La ligne S ou le Réseau Express Régional, le réseau de banlieue dans la périphérie autour de Bruxelles, doit être complétée rapidement. Ceci garantira dans une zone de 30 km autour de Bruxelles une offre qualitative de trains qui desserviront la capitale toutes les 15 minutes. Cela peut être une alternative pour des milliers de personnes qui font actuellement encore la navette en voiture. Malheureusement, la ligne S a accumulé un très gros retard. Normalement, les trains devaient rouler dès 2012, mais aujourd’hui, il est prévu que le réseau ne sera pas achevé avant 2025. La Cour des comptes a récemment mentionné comme raisons principales de ce retard les désaccords communautaires, un calendrier mal conçu et une pénurie de fonds. Nous demandons donc que le gouvernement fédéral libère immédiatement les ressources nécessaires à l’achèvement des lignes S. Cela peut se faire, entre autres, en prenant l’argent qui sert actuellement à subventionner les voitures de société et en le réaffectant pour le train.

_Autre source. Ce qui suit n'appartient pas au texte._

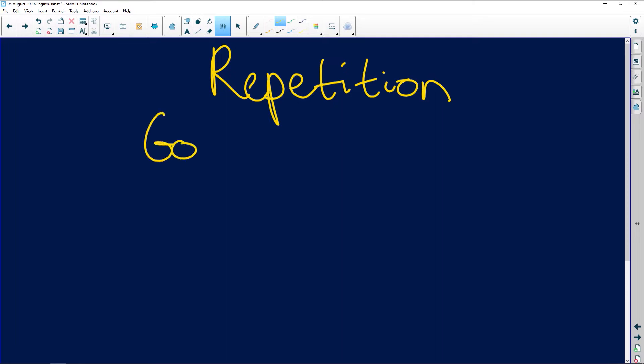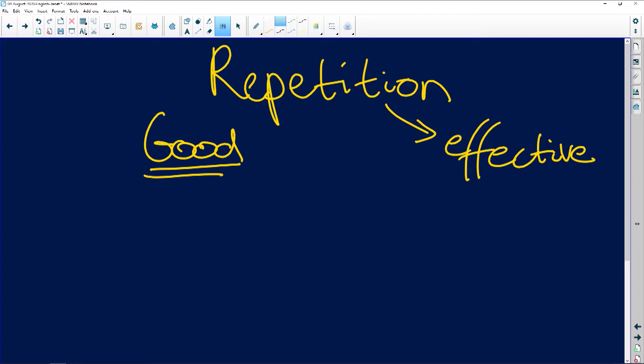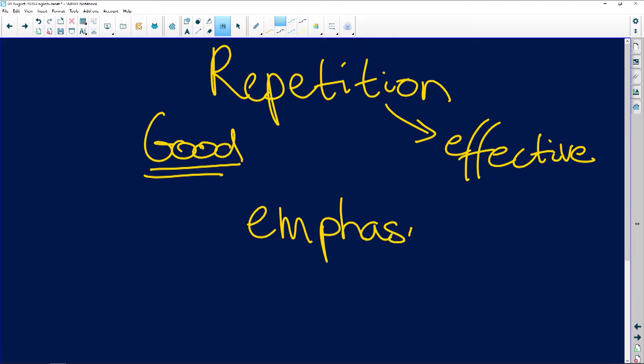In good writing — and I want to emphasize good writing — repetition is extremely effective. But please don't just say it's effective because it emphasizes. I always tell the story of how after the June exams I told my matrics: you cannot say the repetition in this poem, or in Hamlet, or in My Children My Africa with the 'my my' — you can't just say it emphasizes. You've got to tell me what it's emphasizing.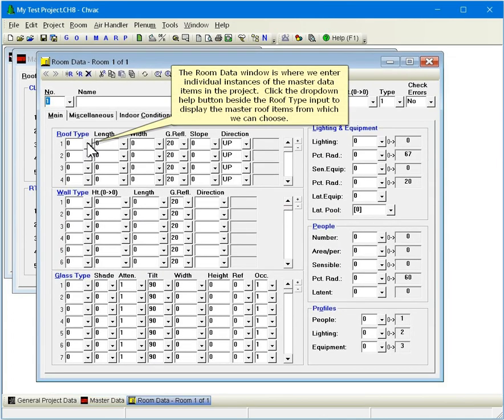The Room Data window is where we enter individual instances of the master data items in the project. Click the drop-down Help button beside the Roof Type input to display the master roof items from which we can choose.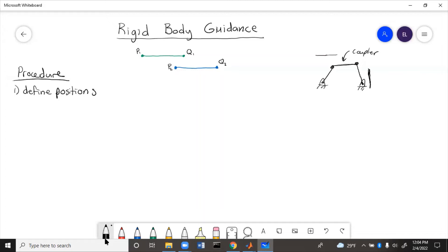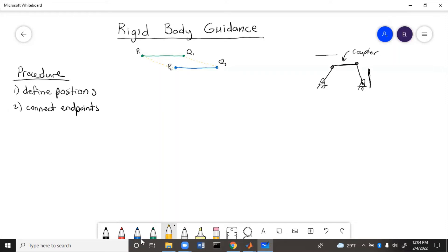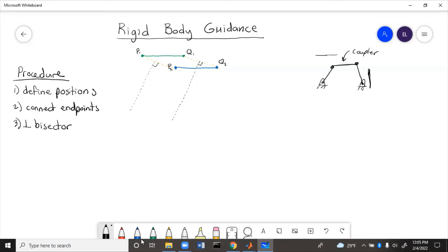The Q's share a ground point and the P's share a ground point. So the next step is to connect the endpoints: connect the Q points and connect the P points. Then we draw a perpendicular bisector between each of those lines. A perpendicular bisector starts at the middle of a line and goes at a right angle. So we have the perpendicular bisector for the Q points and the one for the P points.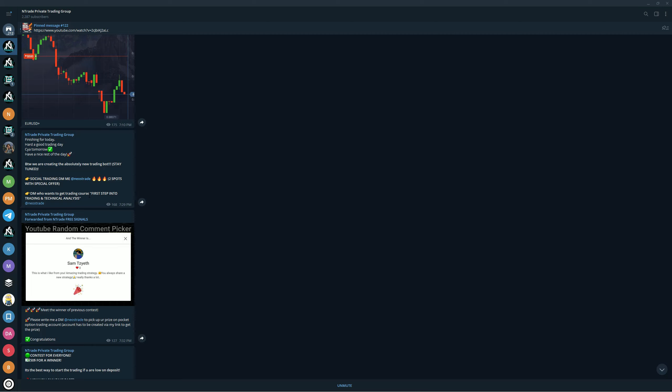You also get a trading course video on how to make your first steps into trading and technical analysis. It is a course that consists of five videos, very nicely structured, very easy to follow. After finishing that course, it lasts about 30 minutes, you will be able to make your first trades yourself on the market and make the money.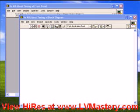Welcome to the next installment of the LV Mastery Tip Jar. We've entitled this installment 'It's All About Timing.' We're going to talk about two fundamental things: first, the timing functions built into LabVIEW, and we're also going to take a short diversion into some of the OpenG extensions of those functions.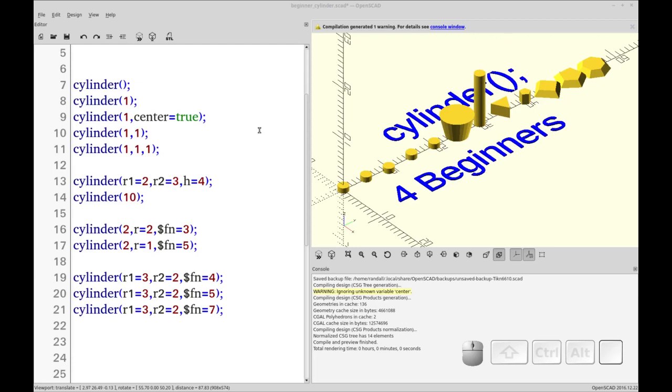Hello and welcome to my channel. Today we're going to be covering the cylinder primitive in OpenSCAD. Here I have shown a whole bunch of representations of the cylinder command that we're going to work through.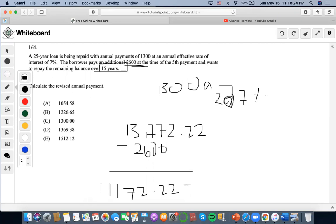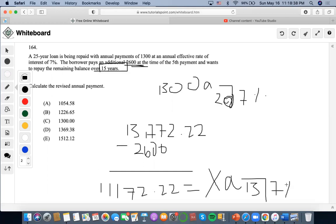Now we want to refinance it, so we want to find the revised annual payment. We're going to denote that as X. We have the remaining balance over 15 years at the same effective interest rate. We're going to use the calculator again. I'm going to set $11,172.22 as the present value, 15 as the number of years, 7 as the interest rate, zero as the future value, and I'm going to compute my payments, and I'm going to get $1,226.65, which will be the exact answer.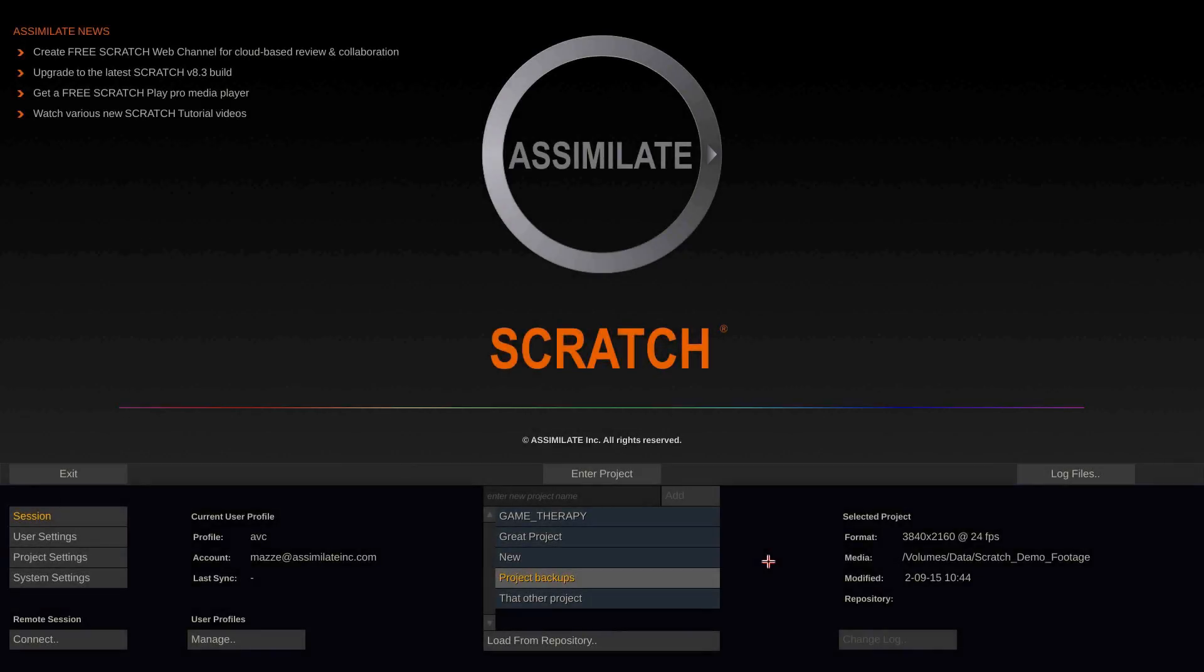Hi everybody and welcome to another Scratch tutorial. This time focusing on project backups and project settings. So this is going to be a very technical tutorial.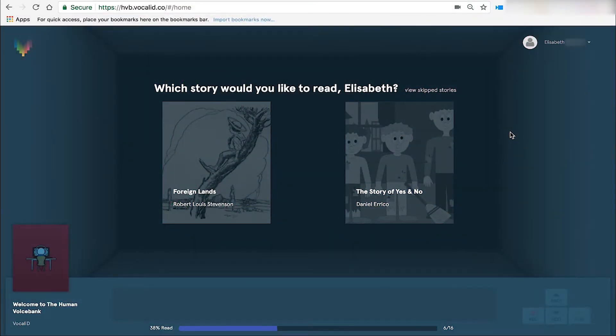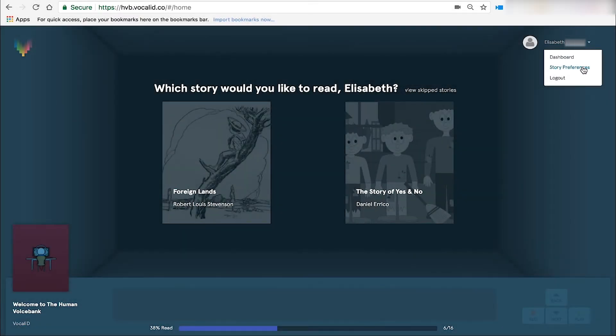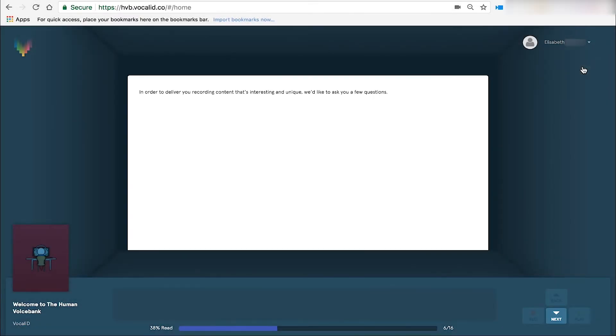You can change your reading levels from inside the Human Voice Bank portal. Click on your profile in the upper right-hand corner and select Story Preferences.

Par ailleurs, il y a le réseau «Brabantnet», les trois nouvelles lignes de tram que De Lijn veut créer entre la Flandre et Bruxelles. Nous désassocions le « Brabantnet » des plans d’élargissement du Ring. Dans tous les cas, il est nécessaire de fournir rapidement des transports publics supplémentaires entre Bruxelles et sa périphérie. Ce «Brabantnet» doit donc être mis en place immédiatement, sans attendre d’éventuels travaux sur le Ring. Les trois itinéraires (Willebroek – Bruxelles, Bruxelles Nord – aéroport et Jette – aéroport) deviennent de véritables liaisons de tram. Les trambus, tels qu’ils sont actuellement prévus pour la plupart des lignes, sont moins chers, mais ils peuvent transporter moins de passagers, ont une durée de vie plus courte (14 ans contre 30 ans), une vitesse plus faible et génèrent plus d’émissions (diesel-électricité vs électricité). Leurs lits sont également plus larges. De plus, le tram est idéal pour les longues distances. Nous voyons ces trambus donc uniquement comme un pas vers un vrai tram rapide. Ils sont utiles car ils peuvent être mis en œuvre très rapidement, mais ils ne peuvent pas retarder la véritable réalisation de ces routes.

Les chaînons manquants, qui font que les transports publics sont parfois inaccessibles, sont éliminés. Des exemples d’améliorations faciles comprennent l’extension du métro à Erasme jusqu’à l’hôpital, le tram de l’OTAN à l’aéroport de Bruxelles et la liaison Schaerbeek-Vilvoorde. Des informations compréhensibles aux arrêts de bus et aux gares ferroviaires sont indispensables. Localement, une bande de bus sur le ring peut relier différentes communes périphériques ou établir une connexion avec la Wallonie.

La relation entre le domicile, le travail et d’autres lieux dépasse les frontières régionales artificielles. Bruxelles doit être considérée comme faisant partie d’une zone métropolitaine. Les habitants de Bruxelles, les résidents du périphérique et les entreprises de la capitale et de ses alentours sont tous bénéficiaires en cas de connexions transfrontalières rapides et confortables.

Nous souhaitons également qu’il y ait une meilleure synergie entre les différents modes de transport et qu’ils tiennent compte les uns des autres : la plupart des gens combinent le train, le métro, le tram, le bus, le vélo ou la marche à pied, ceux-ci doivent donc interagir harmonieusement. Cela nécessite, entre autres, une forme aboutie d’intégration des billets et des tarifs.